Friday, July 23, 2010

A little mountain music

On the Blue Ridge Parkway, a stop for a little bluegrass at the Blue Ridge Music Center..........Daisy had no opinion about the selections.

There's no drive more like a massage than the crest of the Appalachians.  From Front Royal, VA, not more than 60 miles from crazy busy bee DC, all the way to Great Smokies National Park, we are wending our way. In the distance the hazy blue ridges seem to say slow down, be calm, we've been here for billions of years, and there's no need to hurry.  So we don't.

The speed limit in the first section, Skyline Drive through Shenandoah National Park, is 35 mph.  The park is less than two miles wide but over 100 miles long.  On either side, the valley is green, the river winds, and I can hear the song with the same name in my head.  "Oh Shenandoah, I long to see you.....and hear your rolling river...."

Little towns dot the landscape, but it is still largely agricultural.  It was food that made the valley so coveted a prize in the civil war.  In the town of Front Royal, markers describe the only urban battle in the civil war and  the cunning moves of Stonewall Jackson, outnumbered by the Union forces but not outfoxed.

In Shenandoah, I walked one mile on the Appalachian Trail, an uphill rocky switchback that taxed me to the max and rewarded me with a million dollar finish.  Imagine, 2,175 miles of rocky mountaintop hiking.  I am not sure the AT will stay on my lifelist, but just to re-inspire those thoughts, I am listening to Bill Bryson's "A Walk in the Woods" during the drive.  I'd read it years ago, but it is a perfect redo for this trip. In addition to a humorous account of his treks on the trail with his hapless college buddy Katz, Bryson treats me to a geological history of these mountains, the world's oldest, a third of their original size.  They took billions of years to get this soft and pillowy.  The haze that makes them blue is, unfortunately, pollution.
The Blue Ridge section of the Parkway has more elevation, including some 6,000 foot peaks,  and is over 400 miles long.  Sometimes there's even cool relief from the heat wave.  The speed limit increases to 45,  still a casual stroll along the ridge of the Appalachians.
Along the Blue Ridge, rhododendrons grow wild.  In the spring, the parkway is a pink cloud.  I think there are no bad seasons here on the parkway.  Summer is green with wildflowers.  Butterflies are abundant on the pink phlox, queen ann's lace and rudbeckia.  Here the native flora that botanists from England harvested when the land was still wild grows in abundance.  There's also wildlife, although it is harder to photograph.  I saw two black bears as they scuttled across the road and into the bushes, several wild turkies, and deer.  All of them were quite shy.

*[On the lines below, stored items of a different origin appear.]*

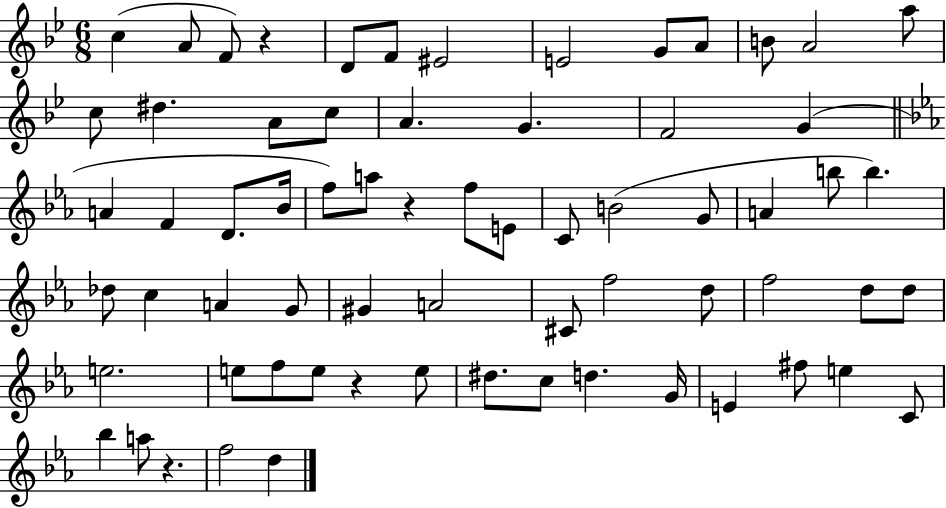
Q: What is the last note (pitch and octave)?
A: D5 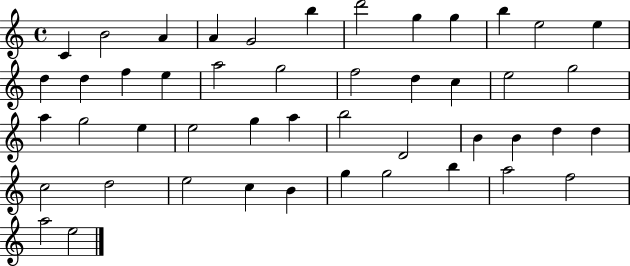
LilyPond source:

{
  \clef treble
  \time 4/4
  \defaultTimeSignature
  \key c \major
  c'4 b'2 a'4 | a'4 g'2 b''4 | d'''2 g''4 g''4 | b''4 e''2 e''4 | \break d''4 d''4 f''4 e''4 | a''2 g''2 | f''2 d''4 c''4 | e''2 g''2 | \break a''4 g''2 e''4 | e''2 g''4 a''4 | b''2 d'2 | b'4 b'4 d''4 d''4 | \break c''2 d''2 | e''2 c''4 b'4 | g''4 g''2 b''4 | a''2 f''2 | \break a''2 e''2 | \bar "|."
} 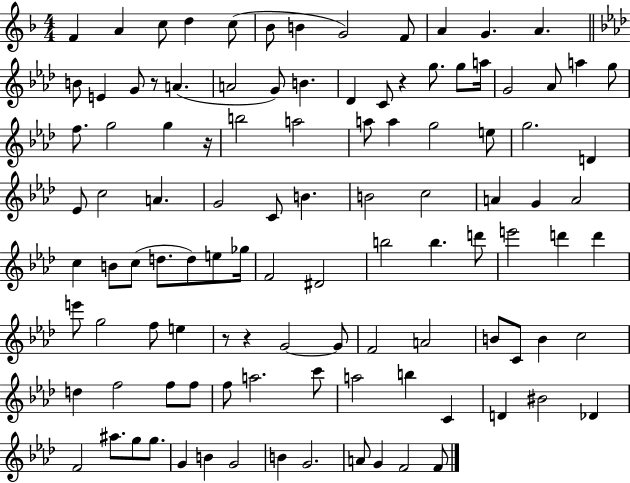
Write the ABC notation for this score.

X:1
T:Untitled
M:4/4
L:1/4
K:F
F A c/2 d c/2 _B/2 B G2 F/2 A G A B/2 E G/2 z/2 A A2 G/2 B _D C/2 z g/2 g/2 a/4 G2 _A/2 a g/2 f/2 g2 g z/4 b2 a2 a/2 a g2 e/2 g2 D _E/2 c2 A G2 C/2 B B2 c2 A G A2 c B/2 c/2 d/2 d/2 e/2 _g/4 F2 ^D2 b2 b d'/2 e'2 d' d' e'/2 g2 f/2 e z/2 z G2 G/2 F2 A2 B/2 C/2 B c2 d f2 f/2 f/2 f/2 a2 c'/2 a2 b C D ^B2 _D F2 ^a/2 g/2 g/2 G B G2 B G2 A/2 G F2 F/2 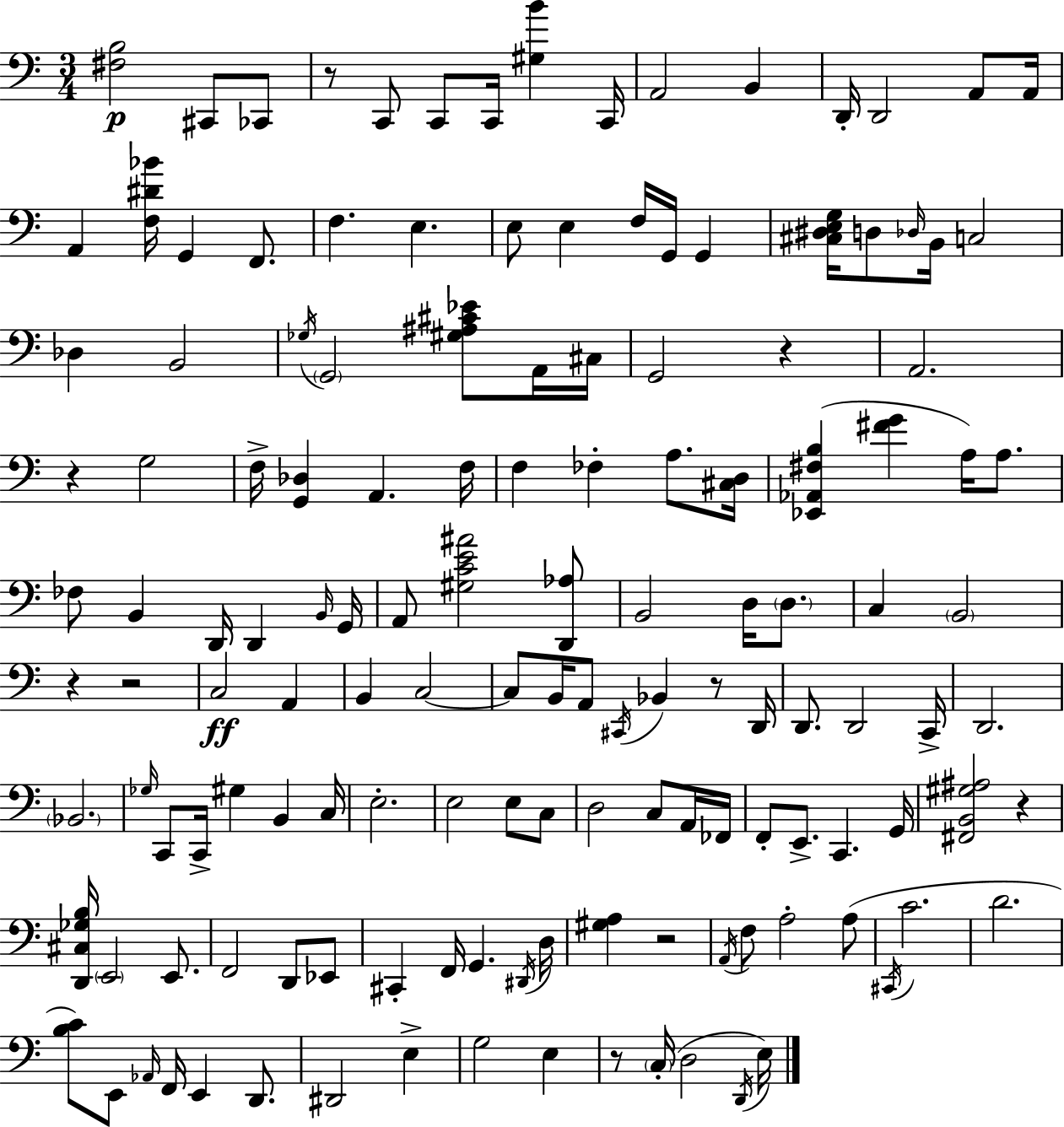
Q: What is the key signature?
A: A minor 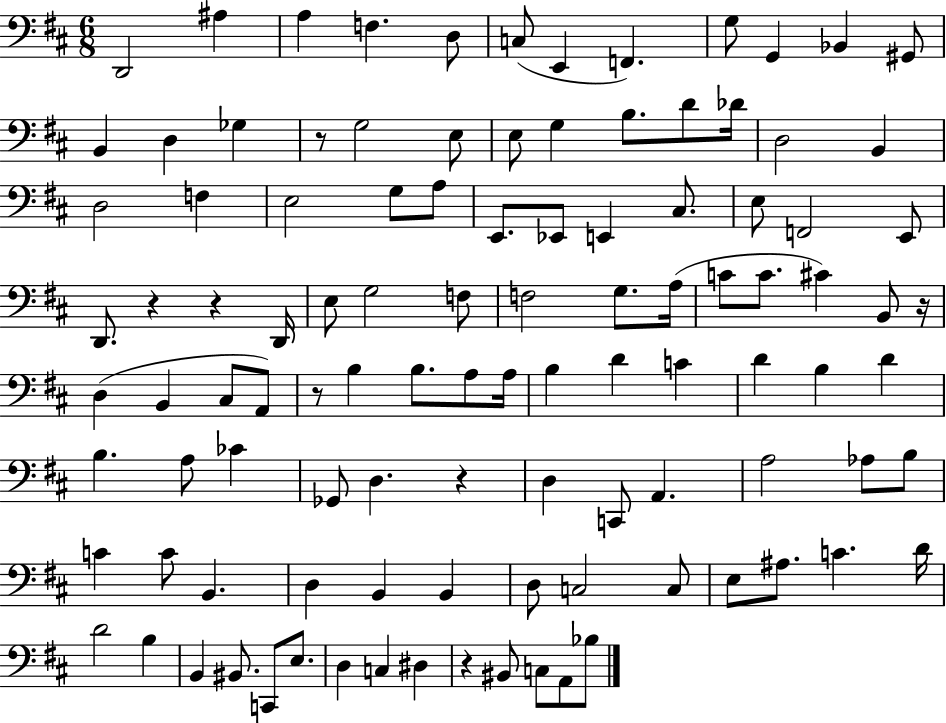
X:1
T:Untitled
M:6/8
L:1/4
K:D
D,,2 ^A, A, F, D,/2 C,/2 E,, F,, G,/2 G,, _B,, ^G,,/2 B,, D, _G, z/2 G,2 E,/2 E,/2 G, B,/2 D/2 _D/4 D,2 B,, D,2 F, E,2 G,/2 A,/2 E,,/2 _E,,/2 E,, ^C,/2 E,/2 F,,2 E,,/2 D,,/2 z z D,,/4 E,/2 G,2 F,/2 F,2 G,/2 A,/4 C/2 C/2 ^C B,,/2 z/4 D, B,, ^C,/2 A,,/2 z/2 B, B,/2 A,/2 A,/4 B, D C D B, D B, A,/2 _C _G,,/2 D, z D, C,,/2 A,, A,2 _A,/2 B,/2 C C/2 B,, D, B,, B,, D,/2 C,2 C,/2 E,/2 ^A,/2 C D/4 D2 B, B,, ^B,,/2 C,,/2 E,/2 D, C, ^D, z ^B,,/2 C,/2 A,,/2 _B,/2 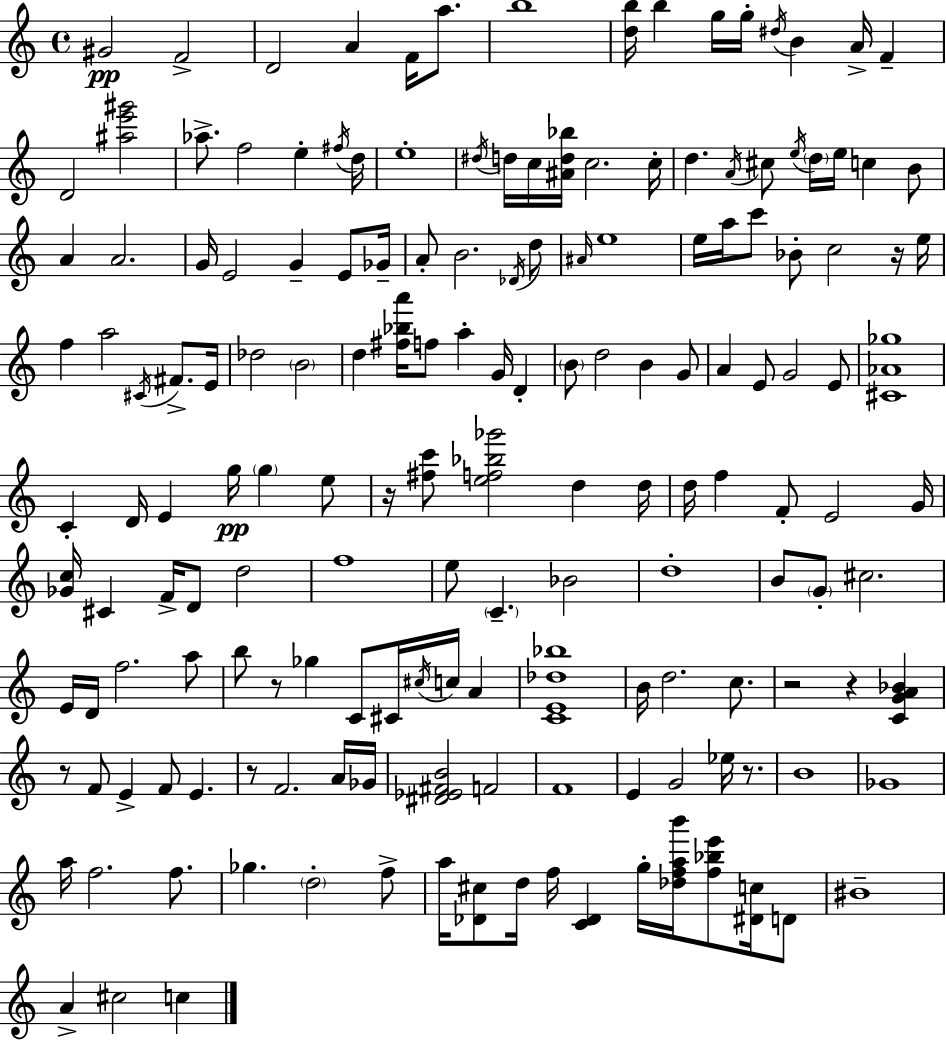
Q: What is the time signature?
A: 4/4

The park service has preserved split rail fences along the parkway....a delightful way to separate the picturesque farms from the highway.  At one waypoint, five styles of spit rail fence are on display.

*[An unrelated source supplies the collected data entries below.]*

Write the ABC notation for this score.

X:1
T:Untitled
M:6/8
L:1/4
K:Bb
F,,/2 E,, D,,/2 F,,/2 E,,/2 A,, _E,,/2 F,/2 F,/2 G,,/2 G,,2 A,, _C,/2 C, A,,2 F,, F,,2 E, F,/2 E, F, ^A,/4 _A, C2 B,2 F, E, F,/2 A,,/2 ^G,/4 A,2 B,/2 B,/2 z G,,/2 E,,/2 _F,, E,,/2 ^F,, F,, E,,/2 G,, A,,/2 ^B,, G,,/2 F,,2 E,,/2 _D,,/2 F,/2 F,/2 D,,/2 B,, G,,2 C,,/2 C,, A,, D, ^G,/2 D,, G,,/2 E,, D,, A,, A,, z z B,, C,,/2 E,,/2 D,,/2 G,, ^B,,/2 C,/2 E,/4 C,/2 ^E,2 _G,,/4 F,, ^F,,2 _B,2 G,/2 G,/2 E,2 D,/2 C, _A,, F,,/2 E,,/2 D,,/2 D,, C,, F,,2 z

The artisty and the beauty of the stonework, the winding, undulating highway, the waypoints, the overlooks,  all built during the Great Depression, convince me that the our current recession would be worth suffering through if one more Parkway were built with our tax dollars.  I find it sad that nothing permanent like this drive in the clouds will be left to show for our investment in bailouts and rescues. I'd rather have a scenic highway than AIG.

1 comment:

jbander25 said...

AHHH.. this takes me back....
I took this route in the late summer of 1970 with my Dad, driving my new-to-me car from New York to Houston. I still have a stool I got at some handcrafters place just off the Parkway. It is truly a lovely trip. Thanks for the lyrical post.